The tabloid press is proliferating at a surprising speed in Serbia, to the extent that the country can claim to be the state possessing the greatest number of titles per habitant. This development is having interesting repercussions on mainstream reporting style.
The already impressive list of 200 dailies is increasing with the frequent arrival of new tabloid titles, such as Kurir, Press, Pravda, Alo and Grom. The wave of new newspapers is somewhat surprising as according to surveys only 9% of the population actually use the press as a information tool. According to the Belgrade based Vreme publication, the privileged position of the tabloid press lies very much in the nature of its contents and its involvement in the forming of public opinion.
In contrast with the majority of their counterparts in other countries which are primarily obsessed with scandal, the Serbian tabloids concentrate on politics, with populist vigour. The predominant line is quite clear: all politicians are corrupt and immoral. Yet the papers are reportedly far from independent watchdogs, they are heavily embroiled in the centres of power. Political sympathies change with the feeling of the moment, often reflecting the views of their information sources.
Despite the dubious agendas of the tabloids, they have succeeded where the quality press has failed. The newer papers are the first off the block to publish and critique the 'business' of those in power. The opinion of Vreme on this development is realistic, maintaining that despite the scandalising and insulting language and the frequent violations of journalistic ethics, their value is undeniable.

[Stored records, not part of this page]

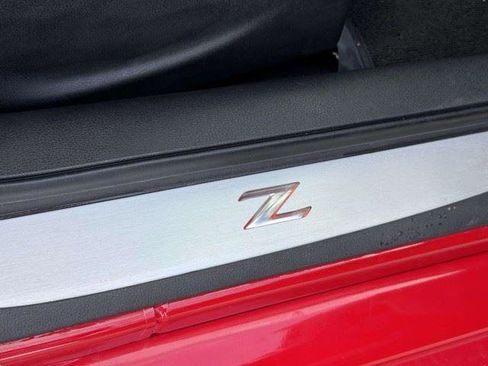 Used 2015 Nissan 370Z Coupe RWD image 62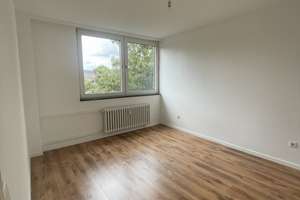 großräumige 3 Raumwohnung auf 67m² mit Balkon zu vermieten!!! – Die vollständige Adresse der Immobilie erhältst du vom Anbieter., 42283 Barmen, Wuppertal – Vorschaubild 3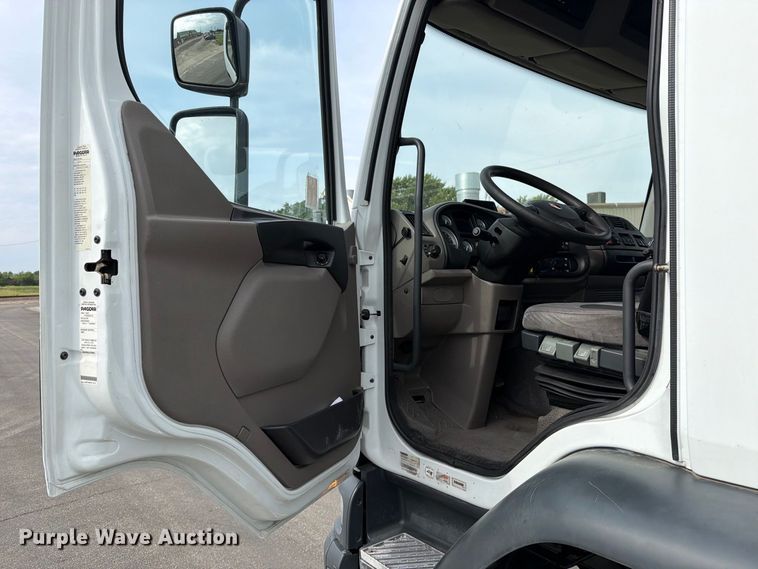 image for item MZ9765 2015 Kenworth K370 box truck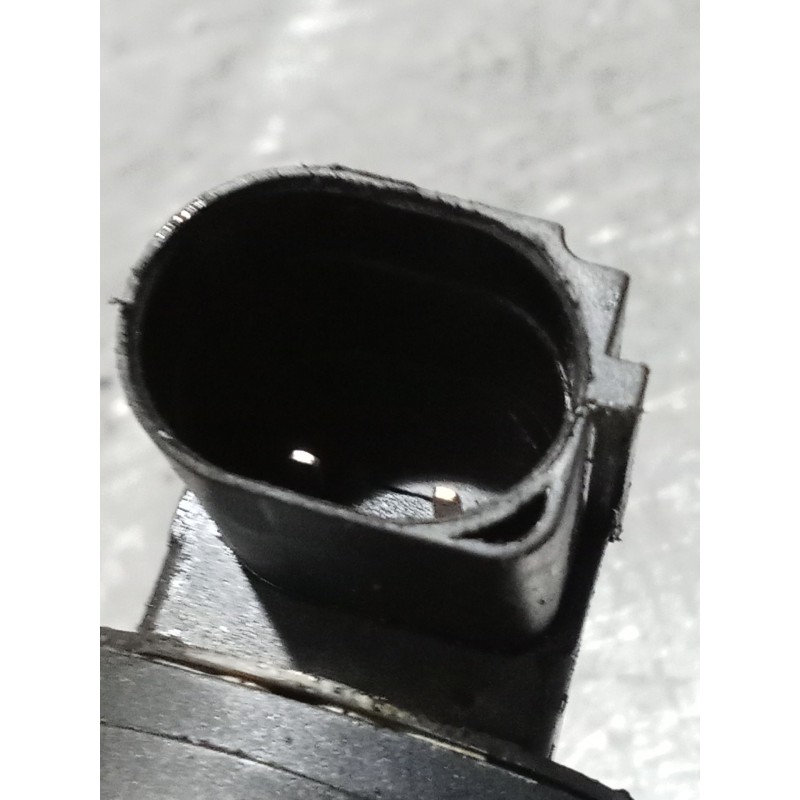 Recambio de valvula egr para opel zafira / zafira family b (a05) 1.9 cdti (m75) referencia OEM IAM 555061  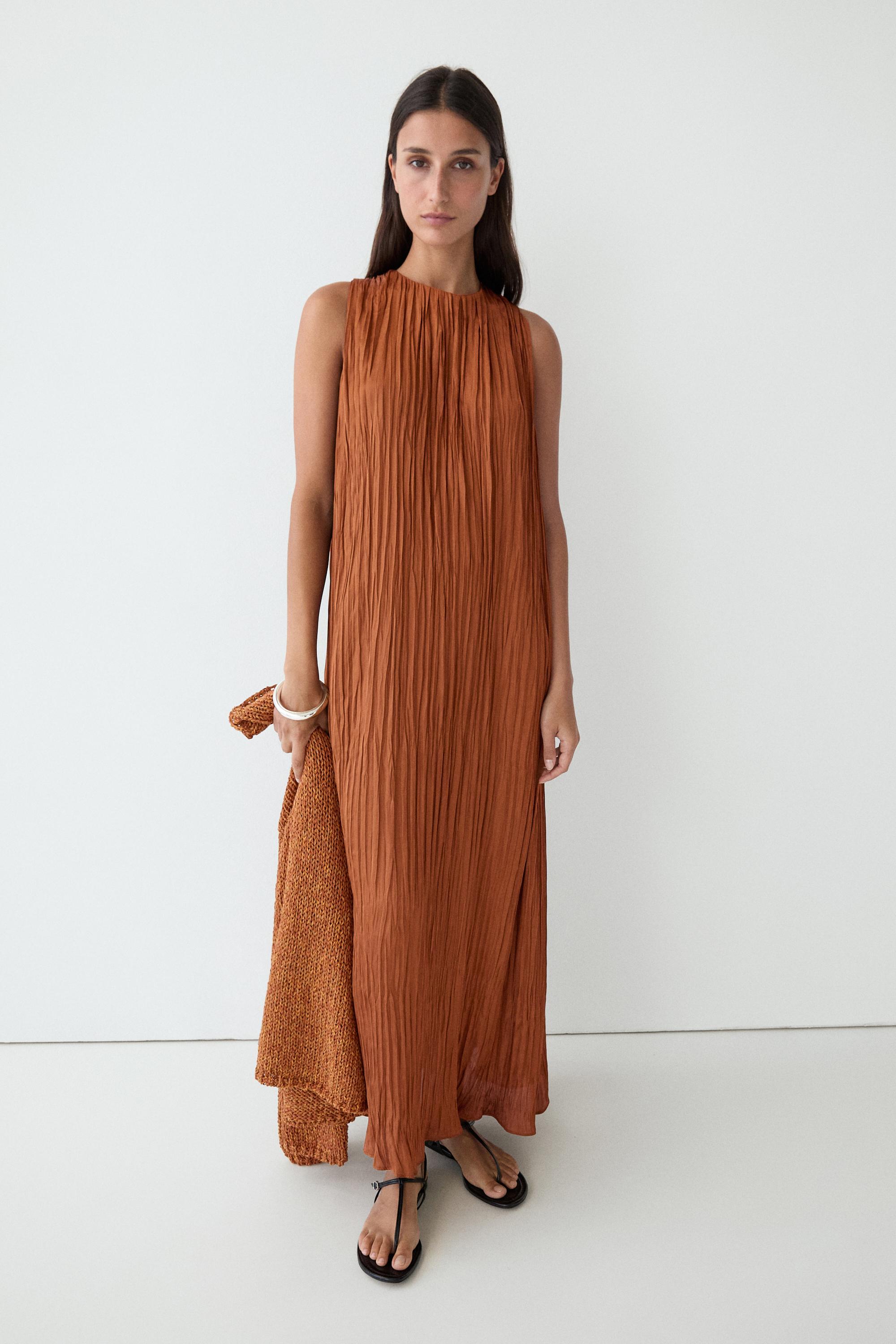 Robe longue plissée à encolure américaine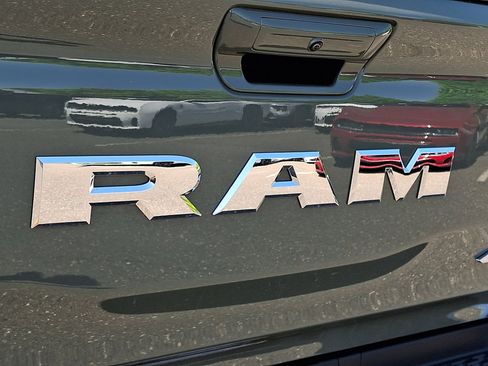 Certified 2026 RAM 1500 Laramie AWD/4WD image 17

Indeed, the commercial success of the tabloids has had a significant impact on the direction of the general press. Media analysts warn that 'serious' papers are increasingly treating important issues in a tabloid style, to the point where the two are becoming difficult to distinguish between. The result is bizarre: tabloids have become a genuine force in the political scene, whereas the 'quality' papers resemble more and more the tabloids.